While workers sought to repair the District's emergency line, the 911 numbers in suburban Virginia and Maryland were overloaded by residents curious to learn if the system was working in their areas, police in various jurisdictions said.
Police Chief Maurice Turner has called for an investigation into who tripped the circuit breaker and why it took two hours to check whether it had been tripped. The circuit breaker is located in a locked room in the basement of police headquarters at 300 Indiana Ave. NW. "If we find out it was purposeful and we find out the individual who did it, we will prosecute," Turner said.
Elbert Ransom, assistant director of the D.C. Department of General Services, said his office is investigating the power failure. He said the problem could be electrical or a human error.
Currently, only the building engineers have a key to the locked room, Turner said. The lock on the door was changed yesterday and an alarm will be placed on the door to guard against unauthorized entry.
The incident also pointed out a weakness in the city's backup system, which was only strong enough to power the lights on the sixth floor, where the communications center is located, and two radio channels. The backup generator is set to generate full power only if there is a disruption of power outside the building, not inside, said Jim Battle, a public information officer with the District police.

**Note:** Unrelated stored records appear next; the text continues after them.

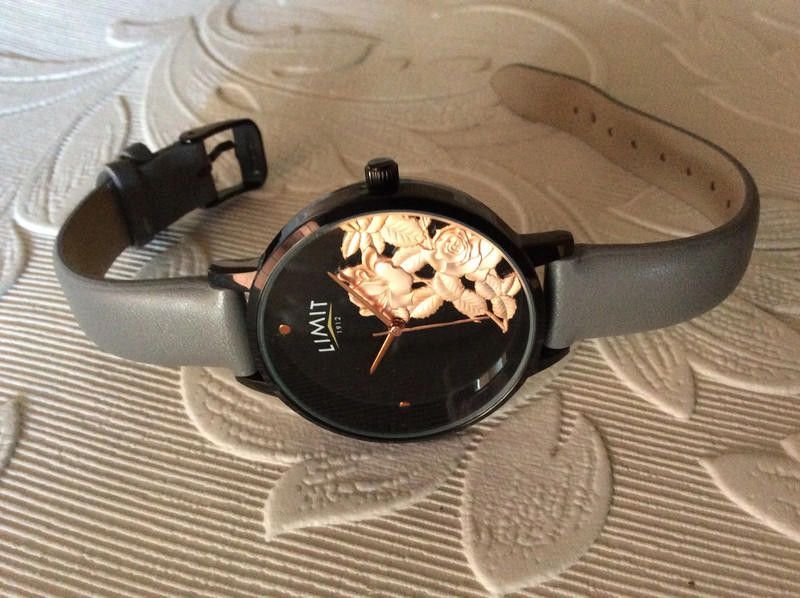 Designer limit garden black dial grey leather strap watch Size ONE SIZE - 5 Thumbnail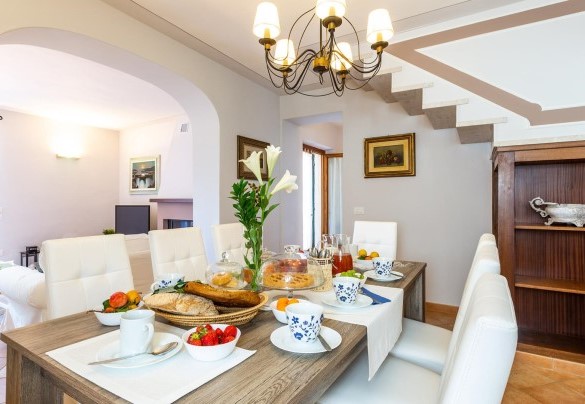 Il living con la tavola imbandita e area salotto - Villa Elena 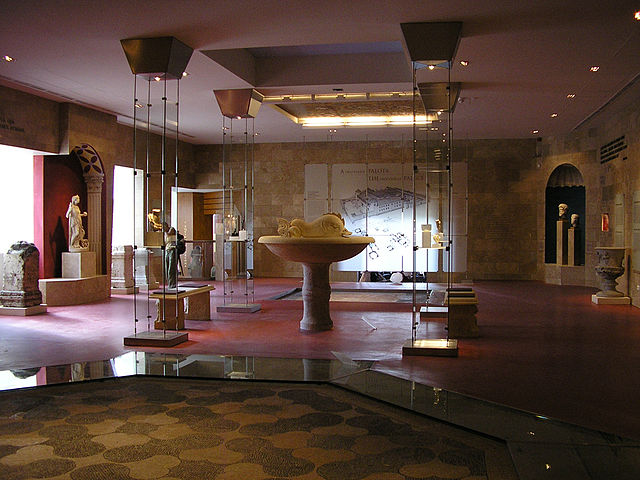 File:AquincM4.jpg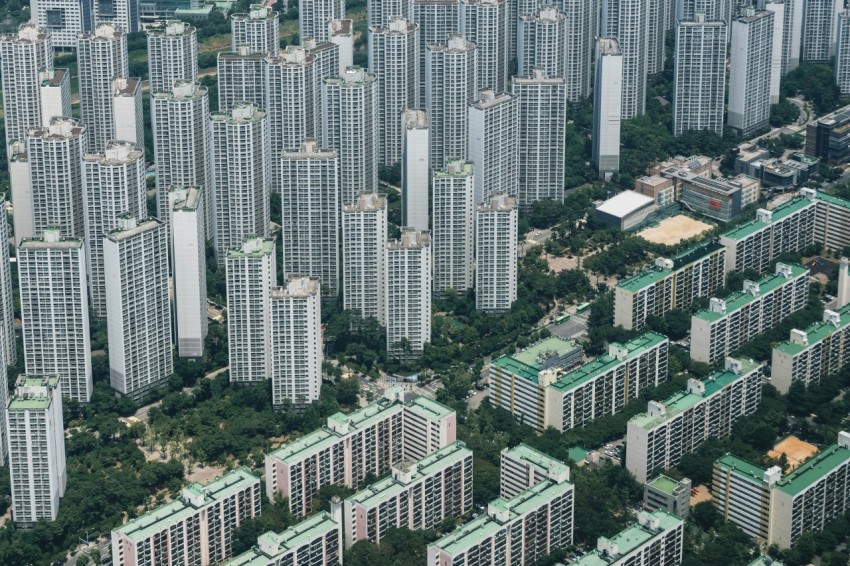 aerial view photography of high rise buildings 3RGGC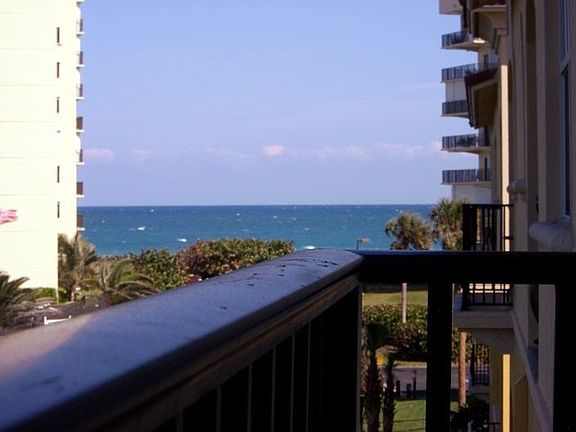 ocean view 2nd floor balcony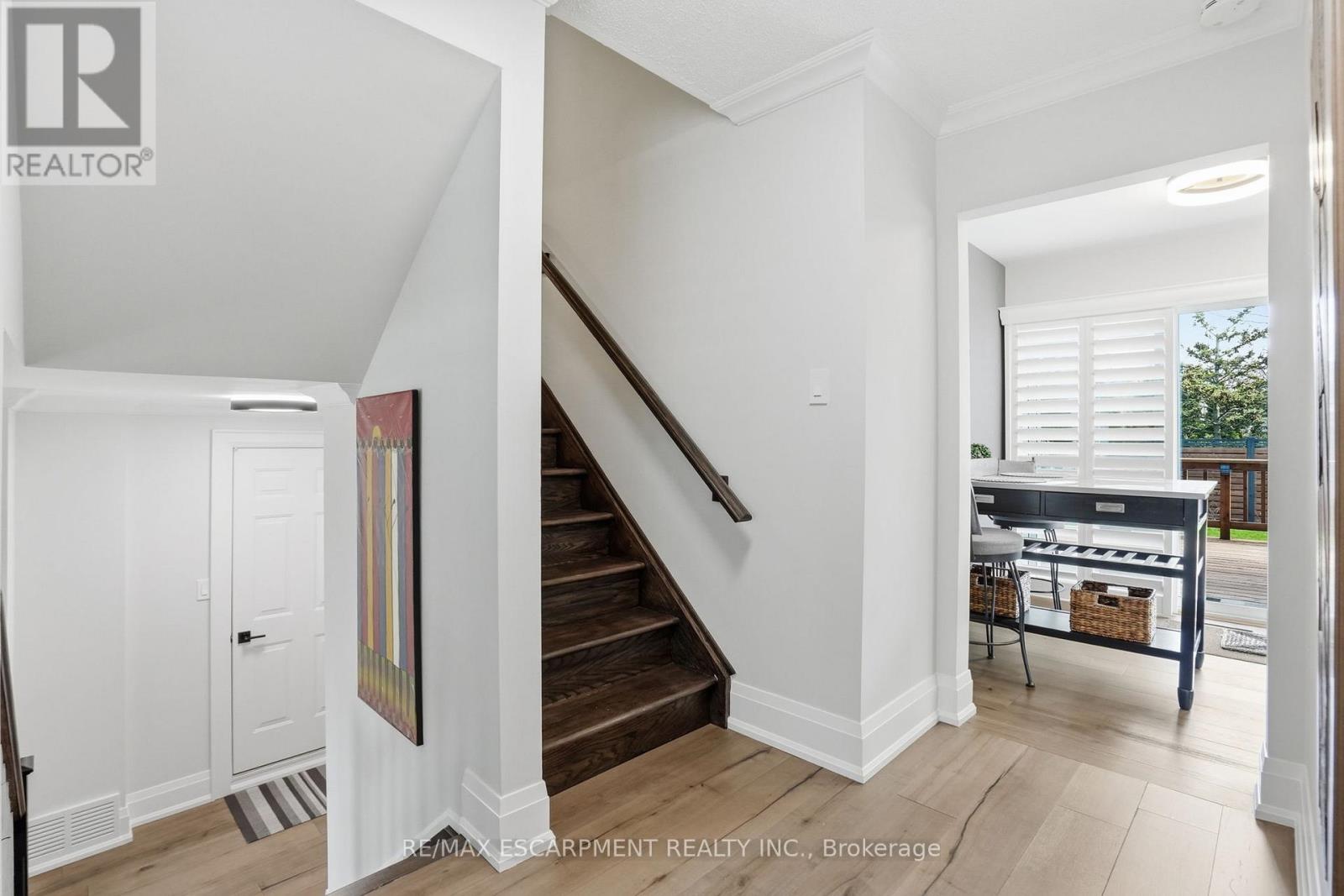 663 Mullin Way, Burlington, Ontario  L7L 4J6 - Photo 10 - W13031876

He said it is not clear whether the generator can be altered.
Battle said the circuit-breaker switch was not checked immediately because the building engineers and representatives of Pepco "began their probe on the sixth floor the only portion of the building to lose power and worked their way down."
"That's what we'll check first from now on," said Battle.
District police devised a number of ways to deal with the loss of radio contact. Local police stations used runners to carry notes with the assignments and destinations to the patrol cars waiting outside, Battle said. Some officers used hand-held, battery-operated radios.
"Thank God we had no real type of emergency," Battle said.
Suburban police said no emergencies appear to have been affected by the overload of calls they received after reports were broadcast about the District police's power problems.
"It was havoc in here for about two hours," said Col. Fenton Hinson, assistant shift commander of the Prince George's County police communications facility in Landover. "The TV said 911 was broken and everyone started testing their own lines."
Telephone emergency systems in Maryland automatically identify all telephone numbers that call 911, Hinson said, and Prince George's policy is for emergency operators to reach all callers, even those who hang up immediately, to determine if there is an emergency situation. "We had a lot of people just calling in and hanging up," Hinson said. "We're required to call back and check, so it was a lot of extra work."